The full opera of Nanke Dream runs to 44 acts and was intended to be performed over many days. The opera has been condensed to 15 acts to be performed in six hours over two nights. Musical director Sun Jianan (孫建安), who was responsible for collating available literati and scores of the opera, emphasized the complexity of the task of condensing such a complex work. “A kun opera is like a symphony, it has structural integrity. In cutting the opera down to a manageable size it was important that this structure remained intact,” he said.

Considerable effort has been made to present the opera in as authentic a manner as possible, so the choice of Wang, a director better known for his award-winning contemporary work, was unusual, even controversial.

Huang Hsiao-wei (黃曉薇), chairman of the Chien Kuo Foundation for Arts and Culture (建國工程文化藝術基金會), which is financing the production, said that many kun aficionados would probably be worried by this unconventional choice. She added that the century-long lapse in production of this opera meant that many aspects of the show had to be created from scratch.

Speaking about his first involvement in classical theater, Wang said: “ Kun opera has a very comprehensive theatrical vocabulary. It already has a high degree of expressive subtlety. I felt no need to replace this with any modern concepts or somehow reinterpret tradition through a contemporary perspective. Traditional and modern art are not polarized. What fascinated me was to see how this opera was so avant-garde at the time it was written. This is particularly what I want to emphasize, as we often forget that classic works were at one time challenging the establishment.”

Working within a classical model but finding room for creativity is something that pervades all aspects of the production. Lai Hsuan-wu (賴宣吾), who designed the costumes for Tsui Hark’s (徐克) film Flying Swords of Dragon Gate (龍門飛甲), has created a sumptuous collection of costumes that look traditional at first glance, but the pictorial motifs and styles of embroidery are the designer’s own.
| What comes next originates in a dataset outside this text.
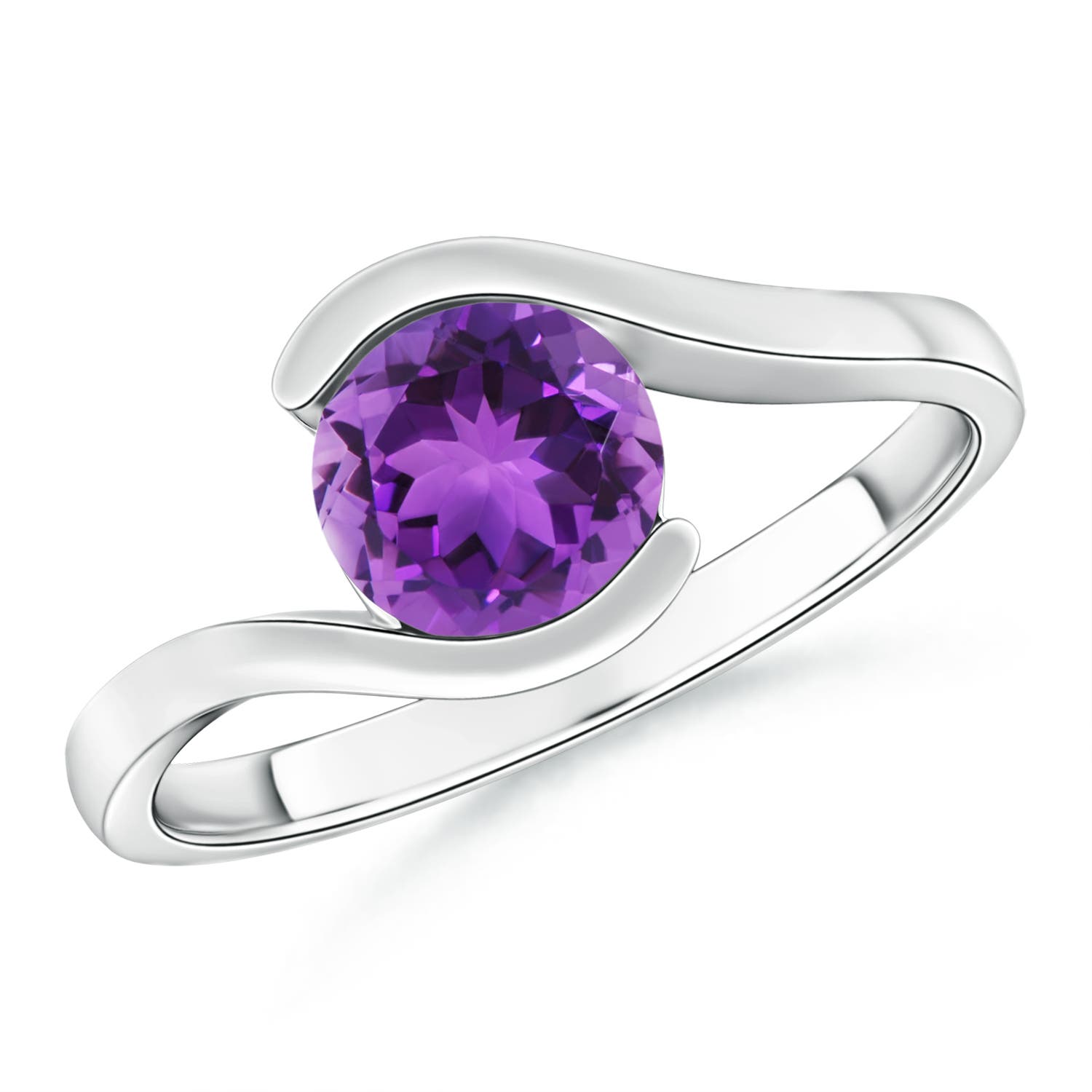 AAA - Amethyst / 1.15 CT / 14 KT White Gold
Another aspect of Nanke Dream that should be emphasized is the large number of “hualien” (花臉) character types in the performance. The “hualien” is a specialist character who has some affinity to the clown in requiring highly exaggerated and sometimes acrobatic movements and expressions. The Jiangsu Province Kun Opera Theater is one of the very few kun opera companies that has the depth of talent to field such a line up, a result of the investment of time and money that kun has obtained as a result of its growing visibility on the traditional arts scene.

The story of Nanke Dream is well known. An unsuccessful scholar takes a nap under a tree and has a dream. In the dream he enters an imaginary kingdom where he becomes involved in court politics, rises to high position, marries a princess, and finally, after a life full of incident, is devastated when his wife dies. He takes up a dissolute lifestyle and is exiled by the king, but eventually wakes to discover that the kingdom he imagined himself in was no more than the ant colony on which he slept. The opera is heavily informed by Buddhist ideas of the emptiness of being, while the performance itself, with its delightful characters and subtle characterization, is clearly utterly in love with being.